Follow the money as summit enters home straight at the Paris climate summit

Jeremy Leggett for Recharge Magazine:  We are half way through the summit. The heads of state and government have departed and their ministers have arrived, aiming to agree the final treaty text. There is a mood of cautious optimism in the air. Much of the media commentary around the world is reflecting this relatively upbeat assessment, at the time of writing. There is ample space, of course, for government officials to mess up this outcome in the week ahead. Old agendas and empathies could overcomplicate concessions in the negotiating endgame. Clever saboteurs could have a good day. But one thing has become abundantly clear in the first week in Paris. Civil society is going to have as much a say as governments, if not much more, in defining the course of the post-Paris world.
In energy, the source of most greenhouse-gas emissions, this is particularly clear. Let me consider progress in the first week by regulators, cities, financial institutions, and non-financial corporations.

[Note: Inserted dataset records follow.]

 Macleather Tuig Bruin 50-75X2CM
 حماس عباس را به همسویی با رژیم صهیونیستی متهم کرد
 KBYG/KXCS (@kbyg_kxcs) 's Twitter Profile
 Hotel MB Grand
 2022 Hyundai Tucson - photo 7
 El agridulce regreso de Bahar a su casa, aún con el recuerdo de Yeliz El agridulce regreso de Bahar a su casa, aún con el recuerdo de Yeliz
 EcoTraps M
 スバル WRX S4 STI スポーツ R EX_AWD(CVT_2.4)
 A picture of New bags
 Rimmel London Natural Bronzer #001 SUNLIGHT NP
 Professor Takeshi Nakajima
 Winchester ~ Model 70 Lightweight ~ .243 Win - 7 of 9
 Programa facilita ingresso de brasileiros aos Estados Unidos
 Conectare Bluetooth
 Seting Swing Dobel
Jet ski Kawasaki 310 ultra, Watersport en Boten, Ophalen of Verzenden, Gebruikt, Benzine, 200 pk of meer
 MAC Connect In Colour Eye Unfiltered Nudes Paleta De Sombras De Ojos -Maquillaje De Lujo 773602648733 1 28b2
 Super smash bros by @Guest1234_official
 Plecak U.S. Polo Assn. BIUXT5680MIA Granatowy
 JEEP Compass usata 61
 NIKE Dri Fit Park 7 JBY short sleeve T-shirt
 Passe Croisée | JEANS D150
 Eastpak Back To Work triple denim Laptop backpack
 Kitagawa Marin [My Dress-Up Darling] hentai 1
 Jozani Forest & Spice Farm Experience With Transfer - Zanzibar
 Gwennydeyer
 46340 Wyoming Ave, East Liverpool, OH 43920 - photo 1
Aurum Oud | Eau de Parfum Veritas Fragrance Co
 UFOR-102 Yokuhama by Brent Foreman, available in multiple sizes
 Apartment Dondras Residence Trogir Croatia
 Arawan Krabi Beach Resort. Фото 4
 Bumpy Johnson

Potentially the biggest news of all, in terms of potential impact, is that the man responsible for the stability of the global capital markets, Bank of England Governor Mark Carney, has the bit between his teeth on accelerating the retreat of capital from fossil fuels. He came to Paris to announce the creation of a taskforce to advise companies on climate risk and how to respond to it. Climate change is a central issue for the financial markets in three ways, he says. The first is the physical risk. The direct threat to the insurance industry is a good example of this. The impacts of Hurricane Katrina were 30% worse because of sea level rise. The second is the liability risk. Just look at the questions coal companies are now facing from their investors. The third involves the risks around the energy transition. Will it be smooth or abrupt? Minds should be focused on the scale of stranded issues today and the scope for adding to them with capex investments tomorrow, he continued.
The taskforce will be looking at how best to stimulate the switch from carbon fuels to clean energy, and the transparency and disclosures investors will need in order to get the markets moving. The Bank of England has asked Michael Bloomberg, former mayor of New York, and no stranger to global capital markets, to chair the taskforce. He does so as a strong advocate both for action on climate change by local government, and the wider business community.
Later the same day fully a thousand mayors announced that their cities were pledging to 100% renewable power targets. Paris itself led this charge.
As for the people who must bankroll all this transition, I have never seen so many senior executives from financial institutions at a climate summit. All talk of “whether” seems to have disappeared from their discourse. The focus today is on “how”, “how much” and “when.” It is easy to see why. More than 500 institutions with assets worth $3.4trn have now pledged to divest from fossil fuels. That’s up from $2.6trn and 400 commitments just 10 short weeks ago.
As for those who are staying invested, and engaging with fossil-fuel companies, I sense a new assertiveness in the air. There seems little doubt now that the hundreds of billions currently being invested in clean energy are en route to becoming the trillions that the energy transition will need.
As for the corporates, yesterday I watched senior executives from Google, Facebook and Statoil on the same platform. Nobody who heard the two Silicon Valley giants talking the same language as the oil and gas major could have any doubts about the direction of travel, and the potential speed, of the energy transition.
And the renewables industries that stand to benefit so much from all this? There seems to be a possibility that we are getting our own act together too. The launch event for the Global Solar Council yesterday saw 17 national and regional solar associations from around the world, both in established and emerging markets, including China and India, form a lobbying alliance.